- **Exercise directions**:
Find the line that contains "London: Private Walking" in the entries below. Restate it and every line after it, word for word, with no pictures.

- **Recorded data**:
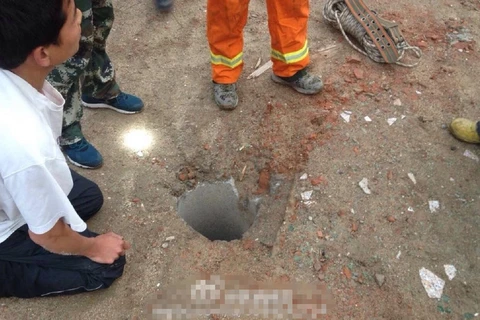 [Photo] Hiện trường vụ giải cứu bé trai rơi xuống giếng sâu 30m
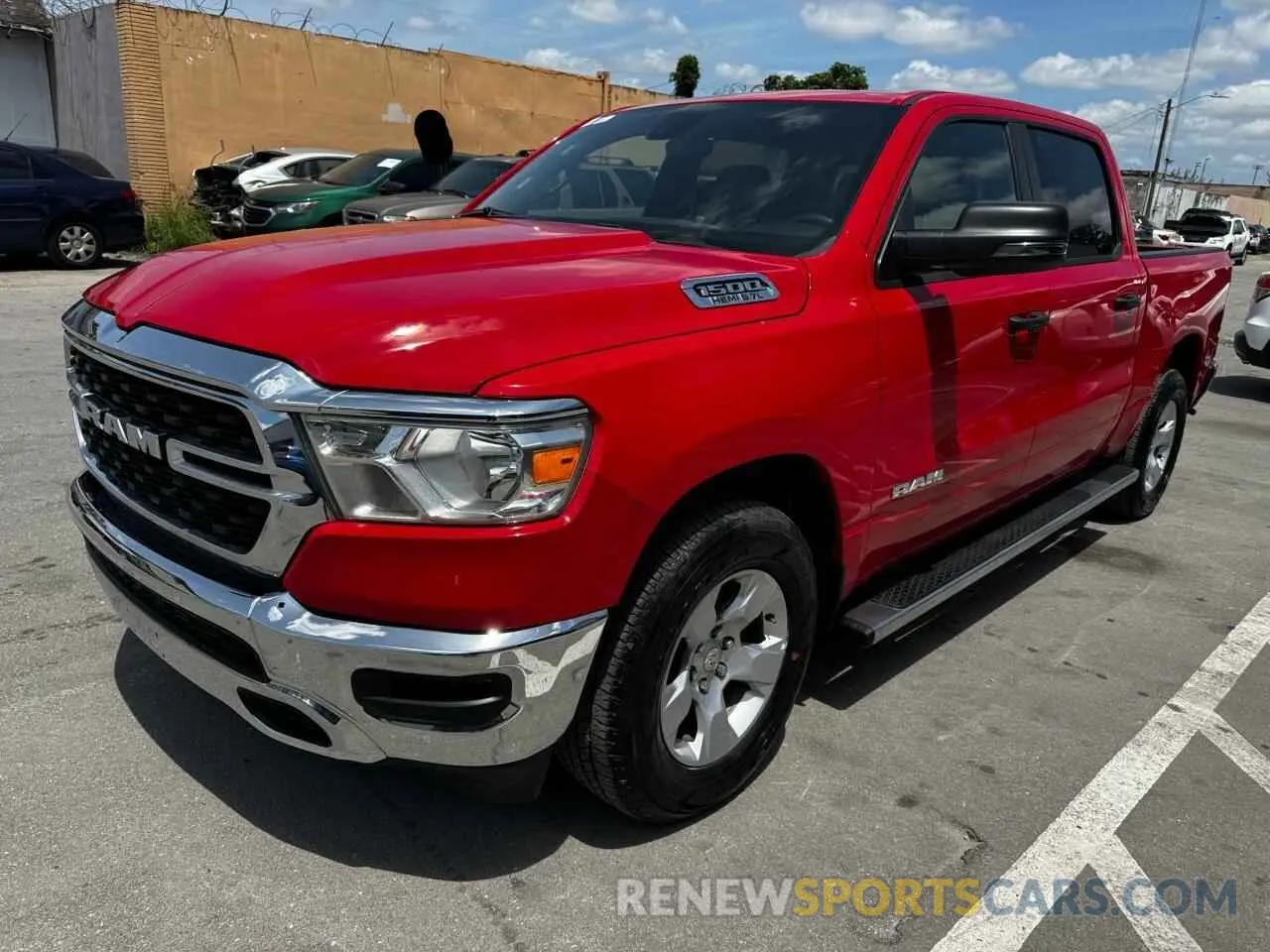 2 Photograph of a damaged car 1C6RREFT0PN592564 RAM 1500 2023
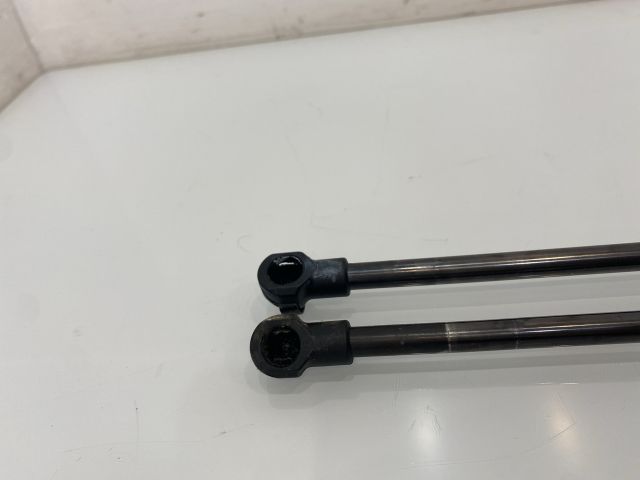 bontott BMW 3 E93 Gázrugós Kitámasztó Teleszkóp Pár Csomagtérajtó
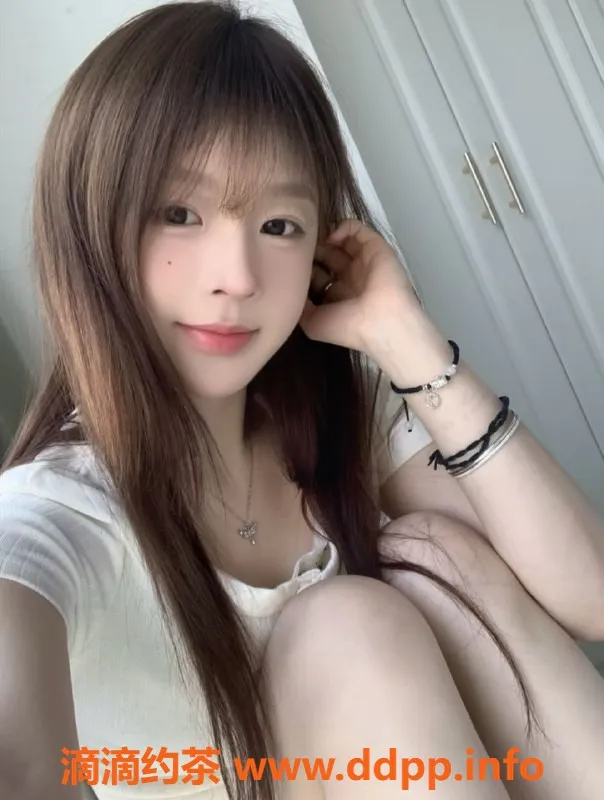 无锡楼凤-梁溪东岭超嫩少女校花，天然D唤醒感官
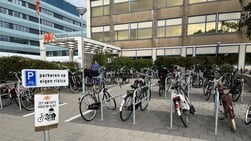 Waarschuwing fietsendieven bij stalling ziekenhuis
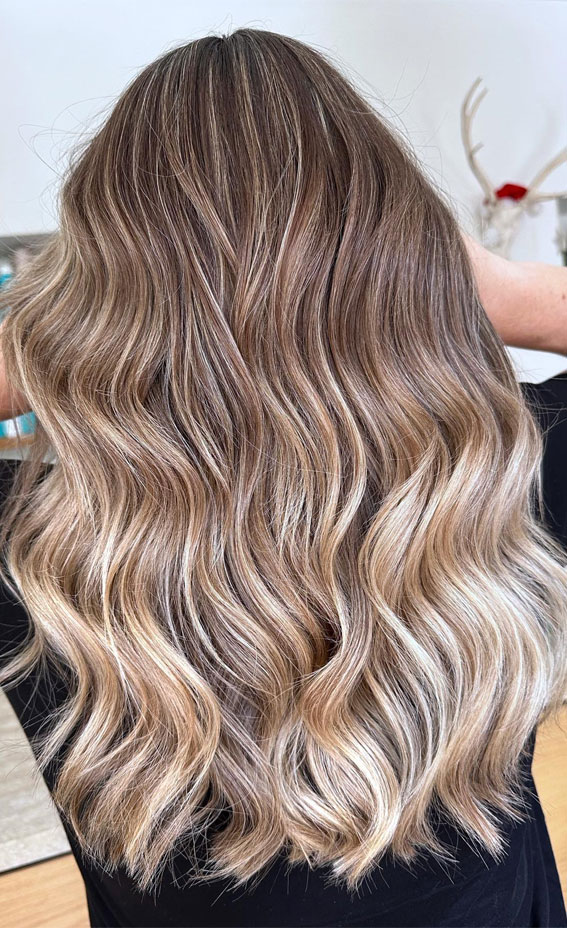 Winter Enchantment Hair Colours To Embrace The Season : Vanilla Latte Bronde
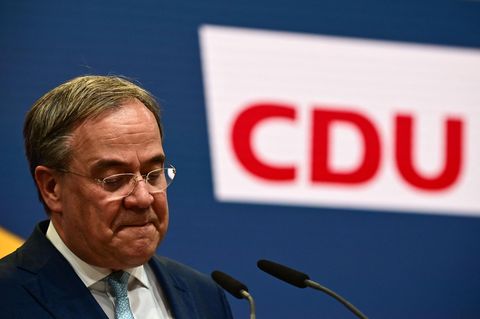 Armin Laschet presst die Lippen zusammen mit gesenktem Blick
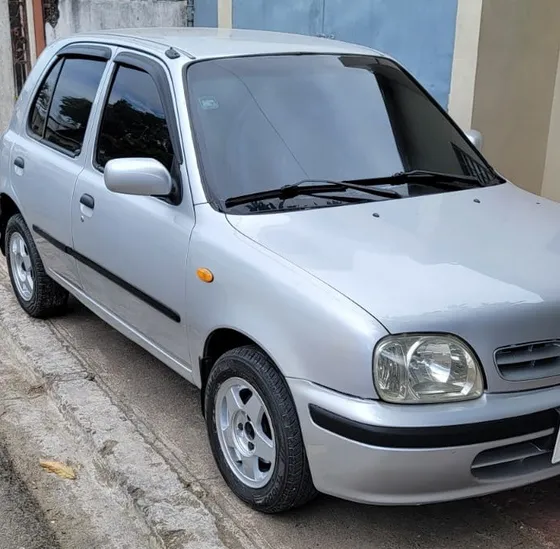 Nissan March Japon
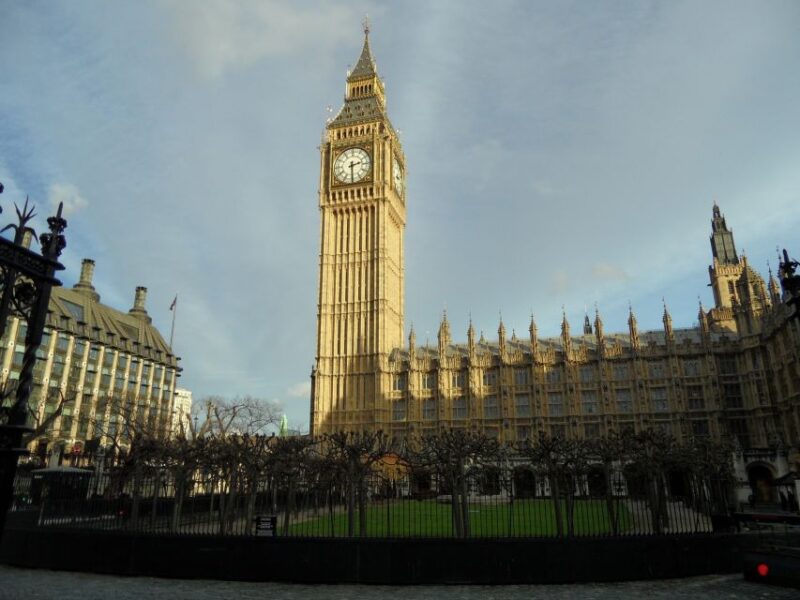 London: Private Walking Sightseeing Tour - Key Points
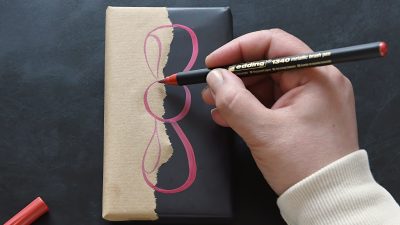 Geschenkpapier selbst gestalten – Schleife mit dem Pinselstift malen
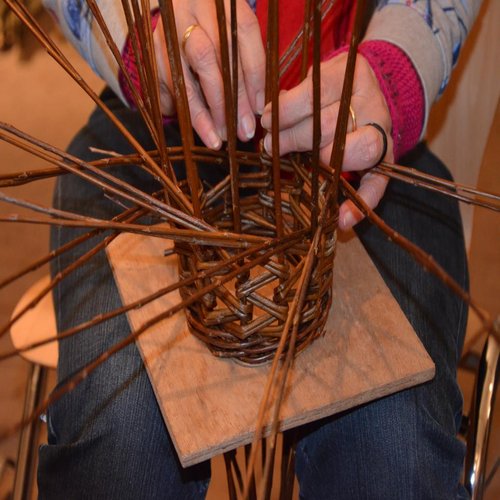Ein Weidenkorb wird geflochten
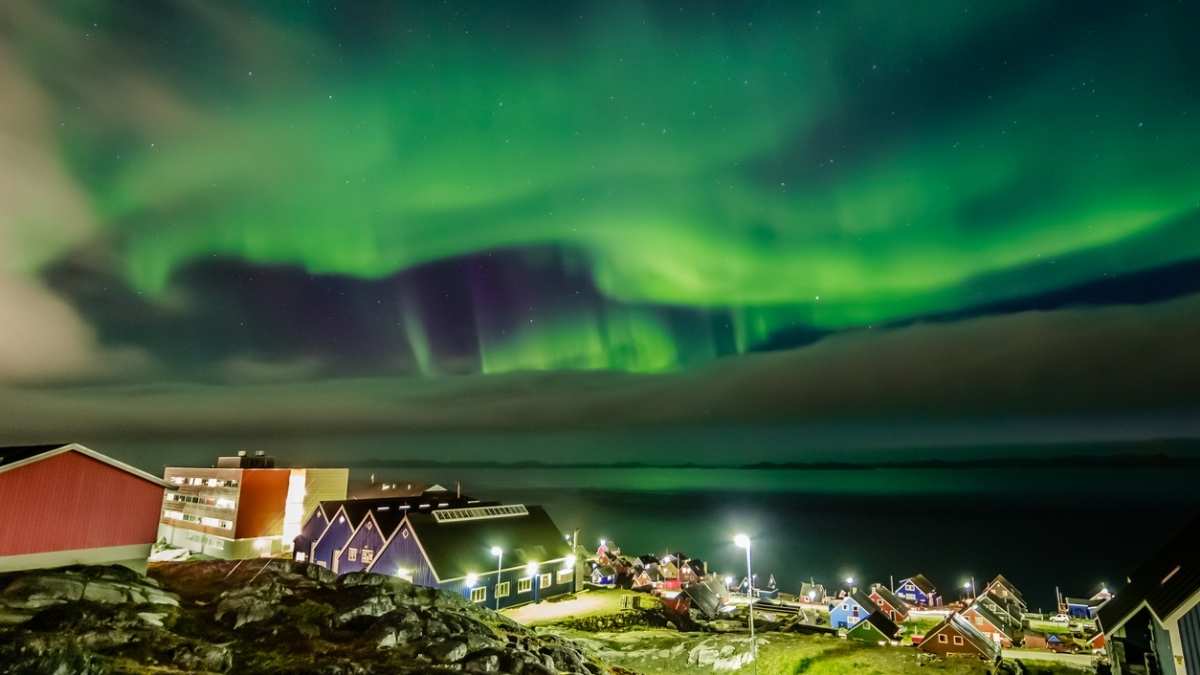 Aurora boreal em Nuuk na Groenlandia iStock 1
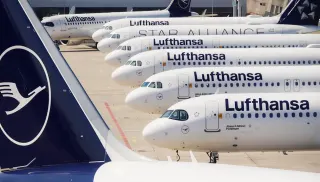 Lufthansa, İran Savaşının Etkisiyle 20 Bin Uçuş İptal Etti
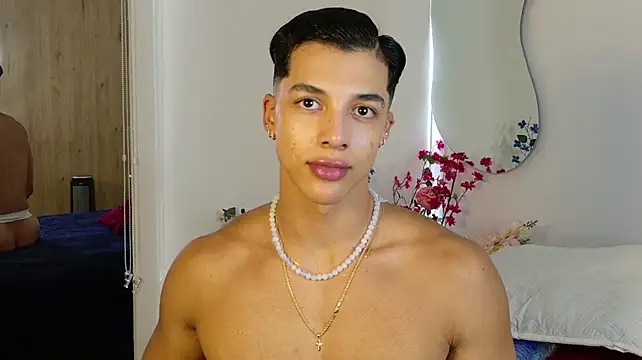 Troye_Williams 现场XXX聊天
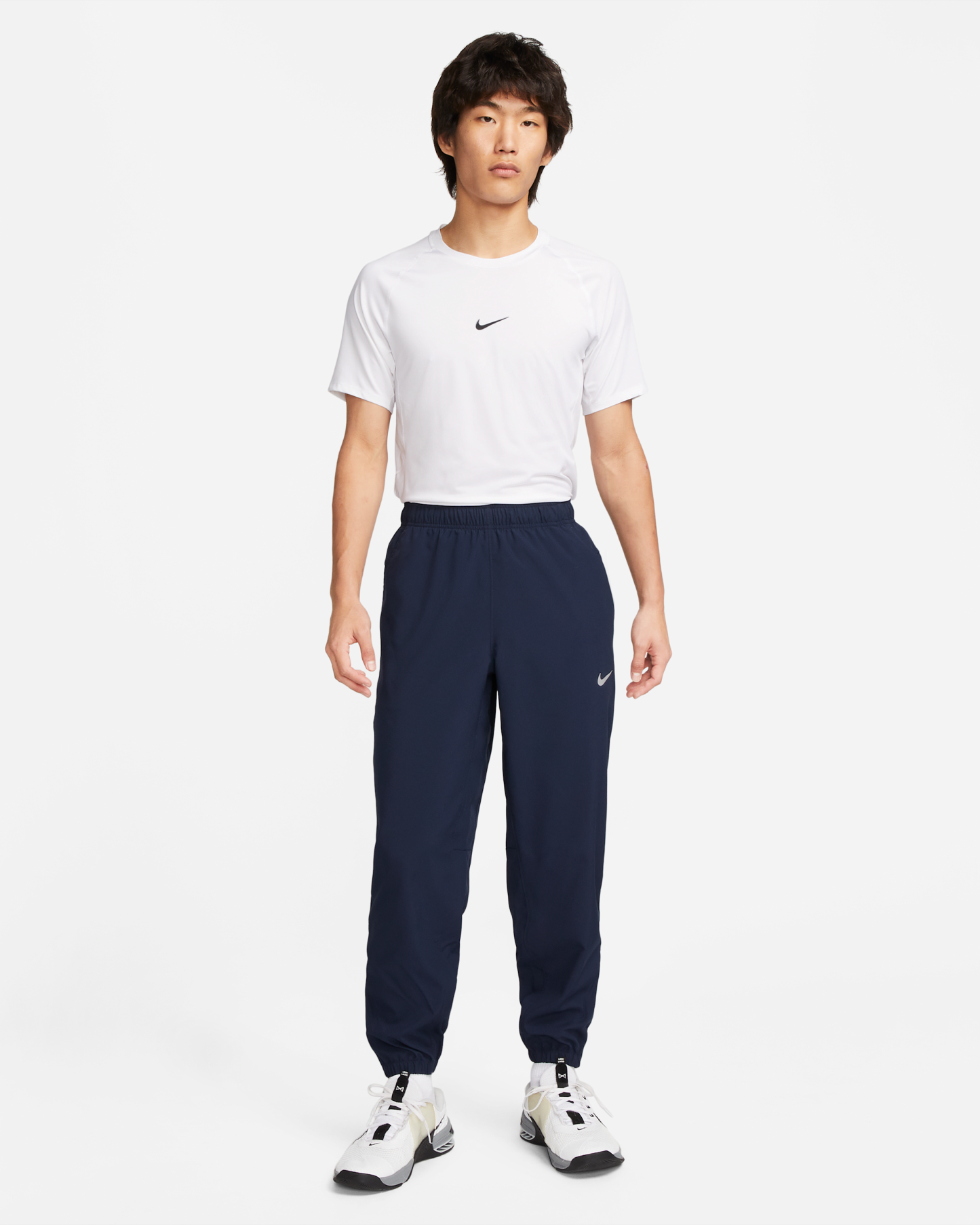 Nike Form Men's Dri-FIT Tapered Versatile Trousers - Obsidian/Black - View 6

- **Reply to the task**:
 London: Private Walking Sightseeing Tour - Key Points
 Geschenkpapier selbst gestalten – Schleife mit dem Pinselstift malen
Ein Weidenkorb wird geflochten
 Aurora boreal em Nuuk na Groenlandia iStock 1
 Lufthansa, İran Savaşının Etkisiyle 20 Bin Uçuş İptal Etti
 Troye_Williams 现场XXX聊天
 Nike Form Men's Dri-FIT Tapered Versatile Trousers - Obsidian/Black - View 6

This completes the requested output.